Several other key developments and initiatives took place in Q4:

  • EGLD on Bit2Me Card (October 1): EGLD can be used to make purchases on the Bit2Me Global Card.
  • Adam Bates joins as CMO (October 15): Adam Bates, the former Chief Marketing Officer (CMO) of Cardano/IOHK, joined the MultiversX Foundation as CMO.
  • MultiversX launches Bridging V3 (October 18): The new bridge introduces native interoperability. MultiversX announced “Battle of the Bridges” on MultiversX and BSC for community testing and bug bounties.
  • NODO integrates with MultiversX (October 22): NODO is leveraging MultiversX’s network to increase transaction speed and reduce latency for NODO’s prediction market.
  • MultiversX hosts Rust Bootcamp in Türkiye (November 7): The boot camp, organized with Patika.dev, is focused on reaching talent in countries with high crypto usage.
  • MultiversX partners with Alibaba Cloud (November 15): MultiversX has partnered with Alibaba Cloud to offer infrastructure, hackathon opportunities, and credit grants for blockchain developers.
  • Dr. Greg Siourounis joins xMoney as CEO (November 28): Siourounis, previously a managing director at the Sui Foundation, will lead xMoney's European stablecoin issuance operations.
  • EGLD is added to the Coinbase 50 Index (December 2): The Coinbase 50 index is a market-cap weighted index used to track the performance of the broader crypto market and benchmark its returns.
  • Pell Network integrates with MultiversX (December 23): Pell Network is a restaking layer with over 450,000 users and $385.3 million TVL as of December 31. Pell will allow users on MultiversX to retake their EGLD.
Closing Summary

In Q4 2024, the MultiversX network implemented key technical updates, most notably the Spica upgrade, which passed with 99% approval and introduced enhancements such as enabling dynamic NFTs and improved transaction efficiency. Network usage increased, with daily transactions up by 65% QoQ and active addresses rising by 200% QoQ, though some metrics like staking levels and fee revenues saw declines. MultiversX also saw a 23% QoQ rise in market capitalization and a 22%QoQ increase in the EGLD token price in Q4, supported by increased network activity.

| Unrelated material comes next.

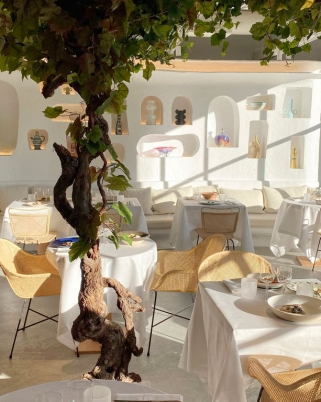 Jacquemus Mereka Bentuk Dalaman Restoran Oursin Dalam ‘Persalinan’ Musim Panas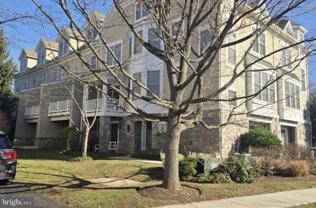 202 Cobblestone Dr - Photo 1 of 1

MultiversX unveiled a new strategic roadmap focused on scalability, developer tooling, ecosystem growth, capital market integration, and high-impact marketing. The network also expanded its ecosystem development, noted AI Nexus’s launch and a $1.5 million grant program to foster application growth on the MultiversX network. This shift aligns with MultiversX’s broader vision of enhancing its blockchain infrastructure while positioning itself at the forefront of emerging technologies. As the network refines its core offerings and supports new types of applications, its ability to attract developers and users will be key to sustaining long-term growth.